Sehr geehrter Herr Direktor Goldfuchs,

Sie verlangen Beweise von mir. Gut, Sie sollen Sie haben.

Bei unserem Gespräch fielen mir die Worte von Karl August Musäus aus dem Jahre 1782 ein. Ich stelle sie meiner Beweisführung voran:

"Der Hang zum Wunderbaren und Außerordentlichen liegt so tief in unsere Seele, dass er sich niemals ausmerzen lässt. Die Fantasie, ob sie gleich nur zu den unteren Seelenfähigkeiten gehöret, herrscht, wie eine hübsche Magd gar oft über den Herren im Hause, über den Verstand.

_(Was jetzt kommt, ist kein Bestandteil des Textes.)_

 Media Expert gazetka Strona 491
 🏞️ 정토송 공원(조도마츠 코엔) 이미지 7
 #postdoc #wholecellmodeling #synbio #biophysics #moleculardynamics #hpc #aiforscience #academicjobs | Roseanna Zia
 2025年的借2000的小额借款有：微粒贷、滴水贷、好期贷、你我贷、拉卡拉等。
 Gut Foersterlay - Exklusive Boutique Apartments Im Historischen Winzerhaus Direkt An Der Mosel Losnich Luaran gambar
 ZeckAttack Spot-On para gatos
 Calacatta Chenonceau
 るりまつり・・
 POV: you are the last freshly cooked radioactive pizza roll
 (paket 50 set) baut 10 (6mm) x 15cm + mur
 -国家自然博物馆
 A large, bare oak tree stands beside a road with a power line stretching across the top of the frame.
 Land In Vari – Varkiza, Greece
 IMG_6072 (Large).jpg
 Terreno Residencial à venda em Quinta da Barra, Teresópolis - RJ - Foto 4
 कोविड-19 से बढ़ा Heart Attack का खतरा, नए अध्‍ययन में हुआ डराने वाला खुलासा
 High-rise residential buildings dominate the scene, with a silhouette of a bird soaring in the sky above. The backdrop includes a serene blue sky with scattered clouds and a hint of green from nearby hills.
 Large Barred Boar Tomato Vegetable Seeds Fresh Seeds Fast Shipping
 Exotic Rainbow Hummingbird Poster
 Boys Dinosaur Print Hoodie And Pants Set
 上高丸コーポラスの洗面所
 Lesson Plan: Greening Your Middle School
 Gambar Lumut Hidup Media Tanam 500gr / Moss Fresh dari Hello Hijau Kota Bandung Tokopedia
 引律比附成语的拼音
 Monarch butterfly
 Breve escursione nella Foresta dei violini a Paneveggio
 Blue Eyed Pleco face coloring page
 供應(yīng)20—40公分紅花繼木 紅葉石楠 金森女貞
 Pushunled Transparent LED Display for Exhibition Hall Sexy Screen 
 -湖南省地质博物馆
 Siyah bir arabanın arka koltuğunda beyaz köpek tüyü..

Der menschliche Geist ist also geartet, dass ihm nicht immer an Realitäten genügt. Seine grenzenlose Fähigkeit nutzt die Erfindungen einer fremden Zauberlaterne, um seinen philosophischen Forschungsgeist damit zu nähren."

Die Kirche und der Wissenschaft verdanken wir es, dass wir in unserem Leben diese hübsche Magd, das Außerordentliche und Wunderbare, allzu sehr verloren haben. Wir schauen unsere Welt nur mit dem Verstand an, zergliedern sie in messerscharfe rationale Analysen und entfremden damit unsere Welt. Wenn wir unser Leben nur mit den Augen anschauen und Gedanken dazu formen, haben wir bereits die Realität verfälscht.